Dorgan on Colbert

by | Jun 7, 2009 | Stress Blog | 6 comments

M writes: “I’m probably more suspicious of the free market than you are, but I share all of your anti-war views.

“Did you see Byron Dorgan on Colbert the other night? Worth a look.”

Me: Actually, it’s not that I think markets are perfect or anything (people are a mixed bag after all), it’s just that I think they are much harder on the biggest criminal corporations than government will ever be.

Re: Dorgan:

The Colbert Report Mon – Thurs 11:30pm / 10:30c
Byron Dorgan
colbertnation.com
Colbert Report Full Episodes Political Humor Keyboard Cat

(At this point my email response became this blog entry instead.)

Dorgan does in fact support the kind of modern banking that caused the Great Depression and the current one. He’s mistaken rather than deliberately wrong it seems to me, but notice how vague is his accusation that “deregulation” caused the crisis? As we all know, the U.S. government has had its central bank since 1914 and the mass of New Deal regulations have been only enhanced, with few exceptions, since the 1930s. Are we just supposed to believe a priori that if something bad happened it must be because the government wasn’t there controlling every aspect of it? What if we know that it was in fact controlling every aspect of something when it went bad? Do we believe Thomas Ricks and Gen. Petraeus when they claim that the problem with the Iraq war was a lack of regulation – a situation they claim to have remedied? Of course not, they are liars and murderers, and we already know the problem was that they started regulating Iraq in the first place, not that Feith and Bremer were laissez fair occupiers. (As well we know that Petraeus has at best delayed the effects of, rather than solved, Iraq’s remaining major unresolved political disputes.)

Fraud has been against the law for 500 years or more in the Anglo-American tradition. “Regulation” is not needed to prevent fraud, but to allow it. Banks can only loan out so much more than they have on deposit (fraud) without going bankrupt – unless they can join into a massive American banking cartel with the Federal Reserve at the head. That is, the Fed is the “lender of last resort” to the private banks. It can always create more money through inflation (with police power) to keep the pyramid scheme going longer, which of course makes it bigger and more painful for everyone when the whole thing falls.

At this point all the regulations (that have supposedly been strangled to death in the bathtub by the Republicans), which say we have to bail out those at the top of the pyramid scheme, kick in – to the trillions and counting.

In the 1920s the Fed’s regulation blew up its second bubble (the first had been to pay for U.S. involvement in WWI.) The effect was the popping of that bubble and the depression. (How Hoover and Roosevelt’s New Deal ultimately made matters worse, turning a depression into The Great Depression is another story.)
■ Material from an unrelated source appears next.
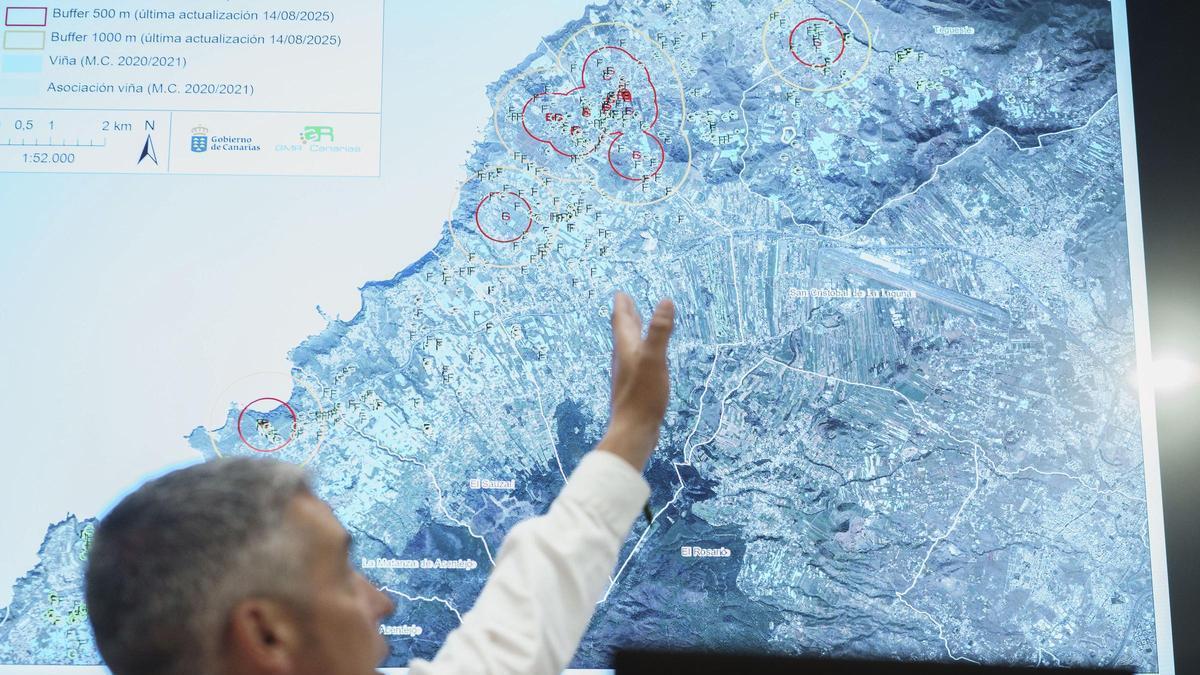 El consejero de Agricultura del Gobierno canario, Narvay Quintero, señala los focos de filoxera en los municipios tinerfeños.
In the 1980s, Reagan the fascist didn’t “deregulate” at all, what he did was change the regulations so that banks could commit even more fraud than before – which of course caused the S&L crises, stock market crash of ’88 etc.. There must have been a billion laws on the books throughout this time – especially the ones that say we have to bailout Neil Bush, Frank Keating, etc. when economic reality tried to catch up with them.
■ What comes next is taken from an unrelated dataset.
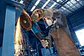 Rebarbadora EXPERT EXWS30-180B BOSCH - Thumbnail 5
The same thing happened in 1999 when Phil Gramm the fascist passed the law allowing all the different kinds of banks to merge together and commit more kinds of fraud. Check out this link where “Dr. No.,” Ron Paul, the only free market libertarian in the entire congress opposed Phil Gramm’s “deregulation” on the grounds that as long as the government has institutionalized a massive ponzi scheme, the last thing we want to do is change things to make matters even worse. (Rep. Paul has predicted this all since 1971. It’s why he ran for Congress in the first place. This list of Paul’s articles and speeches put together by Scott Sutton at ValueFreedom.blogspot.com shows that Ron Paul did indeed “tell us so.” And there is plenty there for someone new to his Austrian school views to gain a good understanding understanding of why he knew what so few else did.)

Notice that Dorgan calls Colbert “Alan Greenspan’s nephew” when he pretends to oppose regulation – but Alan Greenspan was the Chair of the Open Market Committee! – The “Decider” of the very currency used in all our transactions. All of his decisions were carried out with police power. When he decreed that money should be artificially cheap to borrow, he made it so with the power of the state, not the free market.

To belabor the point a little bit more: Alan Greenspan’s problem was not (as the media keeps repeating) that he knew Ayn Rand in the 1960s and is therefore some kind of libertarian who let Wall Street go crazy due to his belief in the free market.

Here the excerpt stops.